Americans’ dissatisfaction with U.S. gun laws and has shot up to 55 percent, almost hitting the all-time high of 57 percent measured in 2001. On the other hand, 40 percent say they are satisfied, which is down from the historical average of 47 percent since Gallup began measuring gun law satisfaction in 2001.
But the increase in dissatisfaction is fueled by those who say gun laws are “too strict,” not those who want more gun control. Further, the gap between those who say the U.S. needs stricter gun laws and those wanting less strict laws only narrowed because of a steep increase in the percentage of Americans who want less strict laws.
Those who say the U.S. should loosen gun law restrictions increased by 11 points to 16 percent, up from only 5 percent a year ago. Perhaps some of this has to do with timing.
Gallup released their January 2013 poll that was conducted almost immediately after the December 2012 Sandy Hook school shooting, which no doubt led to reactionary views driven by the president’s exploit children-as-a-backdrop campaign.
As far as issue satisfaction as a whole, Americans’ satisfaction with gun laws ranks near the middle of a list of 19 issues measured in Gallup’s 2014 update of its annual Mood of the Nation survey. The highest levels of satisfaction came from the nation’s military strength, despite it’s weaker condition in reality, and the nation’s ability to deal with terrorism, despite Benghazi and failed Middle East policy.

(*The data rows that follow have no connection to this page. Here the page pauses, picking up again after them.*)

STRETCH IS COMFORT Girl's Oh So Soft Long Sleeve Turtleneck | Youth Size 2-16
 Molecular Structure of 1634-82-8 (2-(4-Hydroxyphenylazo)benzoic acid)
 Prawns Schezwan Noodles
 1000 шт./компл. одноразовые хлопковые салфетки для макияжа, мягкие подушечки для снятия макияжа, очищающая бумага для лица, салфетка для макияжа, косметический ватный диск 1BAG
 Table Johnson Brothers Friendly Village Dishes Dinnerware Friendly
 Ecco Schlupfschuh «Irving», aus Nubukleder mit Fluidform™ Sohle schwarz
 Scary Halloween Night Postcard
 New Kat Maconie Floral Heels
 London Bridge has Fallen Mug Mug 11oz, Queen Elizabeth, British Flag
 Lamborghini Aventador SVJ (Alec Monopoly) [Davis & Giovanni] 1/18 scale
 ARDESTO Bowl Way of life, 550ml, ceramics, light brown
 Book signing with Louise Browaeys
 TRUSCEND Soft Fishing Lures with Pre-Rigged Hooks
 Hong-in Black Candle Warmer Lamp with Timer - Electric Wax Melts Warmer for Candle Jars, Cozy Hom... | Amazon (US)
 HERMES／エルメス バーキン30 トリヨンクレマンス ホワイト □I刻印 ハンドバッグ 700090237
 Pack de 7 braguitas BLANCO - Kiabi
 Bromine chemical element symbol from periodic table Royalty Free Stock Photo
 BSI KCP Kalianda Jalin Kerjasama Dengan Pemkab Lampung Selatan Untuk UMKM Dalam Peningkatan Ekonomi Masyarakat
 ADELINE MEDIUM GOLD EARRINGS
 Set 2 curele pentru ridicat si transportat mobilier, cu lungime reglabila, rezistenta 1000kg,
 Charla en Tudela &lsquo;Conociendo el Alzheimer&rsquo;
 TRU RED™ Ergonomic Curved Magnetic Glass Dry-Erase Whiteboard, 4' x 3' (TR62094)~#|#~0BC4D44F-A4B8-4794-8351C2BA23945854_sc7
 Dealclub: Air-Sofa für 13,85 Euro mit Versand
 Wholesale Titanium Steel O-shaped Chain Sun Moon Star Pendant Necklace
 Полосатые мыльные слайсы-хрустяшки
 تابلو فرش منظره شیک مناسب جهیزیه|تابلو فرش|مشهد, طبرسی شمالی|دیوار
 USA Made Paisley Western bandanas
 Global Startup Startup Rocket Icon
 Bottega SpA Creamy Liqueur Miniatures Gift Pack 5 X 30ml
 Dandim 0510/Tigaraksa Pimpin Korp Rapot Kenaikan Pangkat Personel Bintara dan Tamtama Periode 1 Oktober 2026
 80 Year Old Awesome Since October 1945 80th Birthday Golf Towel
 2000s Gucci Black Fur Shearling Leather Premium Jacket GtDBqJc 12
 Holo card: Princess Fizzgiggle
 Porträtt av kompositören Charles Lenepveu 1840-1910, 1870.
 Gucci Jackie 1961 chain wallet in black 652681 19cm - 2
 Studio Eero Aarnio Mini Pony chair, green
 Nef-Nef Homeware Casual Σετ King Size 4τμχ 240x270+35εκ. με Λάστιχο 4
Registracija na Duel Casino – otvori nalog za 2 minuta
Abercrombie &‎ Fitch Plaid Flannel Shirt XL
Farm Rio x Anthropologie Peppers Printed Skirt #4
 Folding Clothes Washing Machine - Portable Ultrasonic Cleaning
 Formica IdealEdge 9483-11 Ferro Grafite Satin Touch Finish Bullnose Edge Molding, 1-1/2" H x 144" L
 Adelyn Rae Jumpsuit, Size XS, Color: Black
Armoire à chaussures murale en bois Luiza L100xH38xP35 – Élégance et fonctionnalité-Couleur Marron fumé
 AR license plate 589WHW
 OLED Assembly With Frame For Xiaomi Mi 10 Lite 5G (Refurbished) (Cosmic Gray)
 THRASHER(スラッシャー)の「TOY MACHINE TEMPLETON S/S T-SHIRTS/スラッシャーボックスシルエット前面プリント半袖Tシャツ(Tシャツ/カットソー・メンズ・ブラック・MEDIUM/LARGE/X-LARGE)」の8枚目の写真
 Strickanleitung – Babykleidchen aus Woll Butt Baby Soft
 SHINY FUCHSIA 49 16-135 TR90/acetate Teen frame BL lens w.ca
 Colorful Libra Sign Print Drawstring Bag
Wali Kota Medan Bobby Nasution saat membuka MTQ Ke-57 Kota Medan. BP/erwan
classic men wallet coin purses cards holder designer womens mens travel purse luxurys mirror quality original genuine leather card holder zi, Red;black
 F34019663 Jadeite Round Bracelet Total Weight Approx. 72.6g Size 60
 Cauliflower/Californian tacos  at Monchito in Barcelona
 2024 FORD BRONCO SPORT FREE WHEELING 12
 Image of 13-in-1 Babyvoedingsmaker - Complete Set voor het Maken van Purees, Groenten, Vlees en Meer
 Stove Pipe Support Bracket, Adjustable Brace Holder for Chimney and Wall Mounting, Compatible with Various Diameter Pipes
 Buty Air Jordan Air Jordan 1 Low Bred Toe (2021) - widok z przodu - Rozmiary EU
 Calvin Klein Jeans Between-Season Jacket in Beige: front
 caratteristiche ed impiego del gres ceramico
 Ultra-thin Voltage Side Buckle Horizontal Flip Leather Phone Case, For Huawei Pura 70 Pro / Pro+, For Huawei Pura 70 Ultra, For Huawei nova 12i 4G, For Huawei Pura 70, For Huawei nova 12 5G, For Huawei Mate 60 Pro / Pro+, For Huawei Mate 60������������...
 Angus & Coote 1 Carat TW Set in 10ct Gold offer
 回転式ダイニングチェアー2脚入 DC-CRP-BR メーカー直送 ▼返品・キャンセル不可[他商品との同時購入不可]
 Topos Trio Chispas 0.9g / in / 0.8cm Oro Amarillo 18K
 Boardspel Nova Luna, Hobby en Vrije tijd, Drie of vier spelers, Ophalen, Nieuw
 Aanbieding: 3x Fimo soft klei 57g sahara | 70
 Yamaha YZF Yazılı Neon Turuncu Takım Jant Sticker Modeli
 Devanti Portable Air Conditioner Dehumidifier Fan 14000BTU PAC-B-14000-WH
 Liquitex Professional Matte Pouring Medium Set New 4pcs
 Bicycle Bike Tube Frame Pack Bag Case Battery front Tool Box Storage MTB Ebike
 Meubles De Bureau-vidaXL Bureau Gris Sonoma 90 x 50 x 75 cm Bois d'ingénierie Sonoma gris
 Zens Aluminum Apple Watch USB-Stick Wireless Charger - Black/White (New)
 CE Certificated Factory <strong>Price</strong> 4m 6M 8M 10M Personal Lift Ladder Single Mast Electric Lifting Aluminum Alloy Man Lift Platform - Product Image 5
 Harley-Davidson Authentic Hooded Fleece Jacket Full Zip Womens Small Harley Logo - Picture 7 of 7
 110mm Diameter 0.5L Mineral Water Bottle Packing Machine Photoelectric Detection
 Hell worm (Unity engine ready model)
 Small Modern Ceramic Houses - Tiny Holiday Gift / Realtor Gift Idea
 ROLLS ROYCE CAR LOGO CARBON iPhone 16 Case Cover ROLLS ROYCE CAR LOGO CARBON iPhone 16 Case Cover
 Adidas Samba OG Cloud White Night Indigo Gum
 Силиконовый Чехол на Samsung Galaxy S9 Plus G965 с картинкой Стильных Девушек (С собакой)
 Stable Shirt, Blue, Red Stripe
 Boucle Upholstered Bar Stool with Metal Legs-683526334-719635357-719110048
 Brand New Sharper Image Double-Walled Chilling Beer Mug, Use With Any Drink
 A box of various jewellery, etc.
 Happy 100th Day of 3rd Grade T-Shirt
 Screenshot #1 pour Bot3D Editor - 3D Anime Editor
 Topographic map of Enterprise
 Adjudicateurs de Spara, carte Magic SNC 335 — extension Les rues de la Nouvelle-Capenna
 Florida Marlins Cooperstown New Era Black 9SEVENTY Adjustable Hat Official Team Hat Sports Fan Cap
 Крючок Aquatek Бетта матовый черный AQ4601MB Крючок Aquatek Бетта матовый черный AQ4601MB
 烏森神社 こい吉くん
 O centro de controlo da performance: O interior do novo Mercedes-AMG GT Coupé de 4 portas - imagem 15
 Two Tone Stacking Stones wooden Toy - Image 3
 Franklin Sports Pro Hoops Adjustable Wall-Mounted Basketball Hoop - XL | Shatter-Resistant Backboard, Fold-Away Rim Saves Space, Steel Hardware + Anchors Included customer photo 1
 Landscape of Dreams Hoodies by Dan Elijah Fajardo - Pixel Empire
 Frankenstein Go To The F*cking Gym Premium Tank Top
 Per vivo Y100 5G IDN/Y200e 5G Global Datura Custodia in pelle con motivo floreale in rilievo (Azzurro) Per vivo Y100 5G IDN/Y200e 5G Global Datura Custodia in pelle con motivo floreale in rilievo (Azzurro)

On the other end of the spectrum, the lowest levels of satisfaction were found with poverty and homelessness, along with the state of the nation’s economy.
The stark change marks a reversal in Americans’ views on gun laws this year. Typically, those who are dissatisfied have historically leaned heavily in favor of wanting stricter gun laws, not less strict laws. But this year is different, and may reflect an overall shift toward the right in Americans’ views on the issues per state.
Gallup recently released a party ID by state measurement, which found a continuing erosion in the once-heavy advantage enjoyed by the Democratic Party over the Republican Party.